The Head of State? Search the Constitution and you wont find it. Only diplomats worry about it, and then only to make sure nobody is slighted. Whether or not to give a twenty-one gun salute is not something the average Australian worries about.
But republicans do want Australians to lie awake at night worrying about this. They told us to cringe when President Clinton toasted the Queen. But he is quite used to doing this. Especially for ten of his neighbours, including his major NATO, G8 and NAFTA ally, Canada. Not so long ago, I asked a prominent woman from Quebec who was the Canadian Head of State. Without pausing to think, she said in her beautiful French accent, "The Governor-General, of course."

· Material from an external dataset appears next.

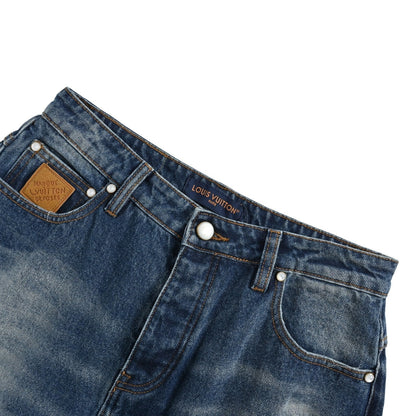 Sun dried faded washed denim jeans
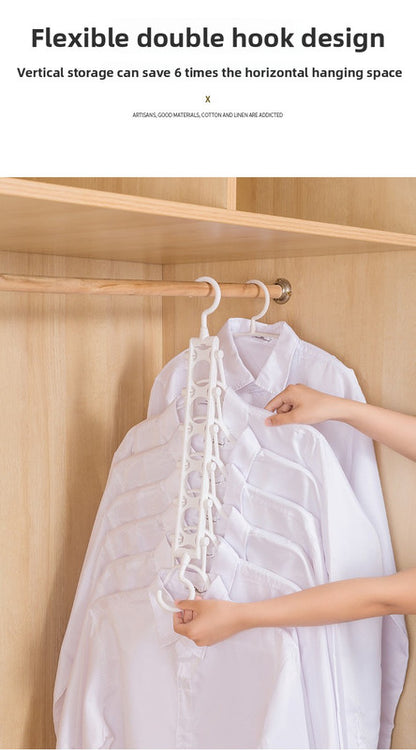 2-SET Space-Saving 6-in-1 Foldable Hanger Set Multi-Functional Closet Organizer Clothes Drying Rack with Pant Clips (Black & Black Clip Upgrade Edition) Ideal for Homes and Dorm Rooms - Image 9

There is no single model for a Head of State. Some countries give the job to the head of the government, some even to a committee. In Sweden, the Speaker exercises some of the powers we think belong to the Head of State, and that has turned his job into a political plum. Andorra once had two, the French King or Emperor or President (they change their constitution regularly) and a Spanish Bishop! As I say, the concept is only for diplomats.
But some people say a President will make us independent. But when the former Labor Party Attorney-General Lionel Murphy sat on the High Court, he ruled that we became independent in 1901! Anyone who hints we are not a politically independent country should do a course in elementary civics. Others say it will improve trade, or our relations with Asia. That wise old Singaporean, Lee Kuan Yew, has effectively told us not to depend on it! You only have to look to Canada to see a country more successful in trade, education and migration than we are. Yet no one seriously proposes Canada create yet another job for its politicians to just improve its position in Asia. Or that it would make Canadians feel more Canadian.
The "official" republicans say their formula ensures there will be no change from the present system which work so well. Well then, why do it? Especially if there is a risk. And there is a strong body of opinion that you have to make substantial changes to the Constitution if you want to ensure the President behaves himself. Donald Horne, the father of modern republicanism, takes this line. (Incidentally, do you know who is the mother of modern republicanism? According to the republican historian, Mark McKenna, the Australian Republican Movement is the "brainchild" of Franca Arena!)
The point is, a republic is an alien institution. It has nothing to do with Australia. But if after careful consideration the people decide they want a republic, we ought to do it properly Write a new republican constitution. Have the people elect the president. Of course the president will be a politician. But don’t kid ourselves that in a minimalist republic, where the politicians doing a deal then approving the single candidate, anyone else but a politician will get the job. And remember what happened to some countries which removed the Crown from their Westminster constitutions. When Mrs Ghandi wanted to declare an emergency and take on dictatorial powers, the Indian President hesitated. Reminding him that he owed his place to her party, she stood over him and he signed. A Governor-General would not have so readily signed the document. Governors -General owe their formal appointment and their allegiance to the Crown. They must behave according to the conventions. Their powers are held in trust for the people.
Why change that part of our seven constitutions which work so well? And do we really need seven more politicians in seven presidential palaces travelling in presidential planes, all with twenty-one gun salutes?
Just as we keep politicians out of the courts, let’s keep them out of our Government Houses.
(Note: These papers were prepared in the context of the first version of the Keating-Turnbull republic 1993-1998. This model was superseded by the second version which was unveiled in the last days of the 1998 Constitutional Convention.)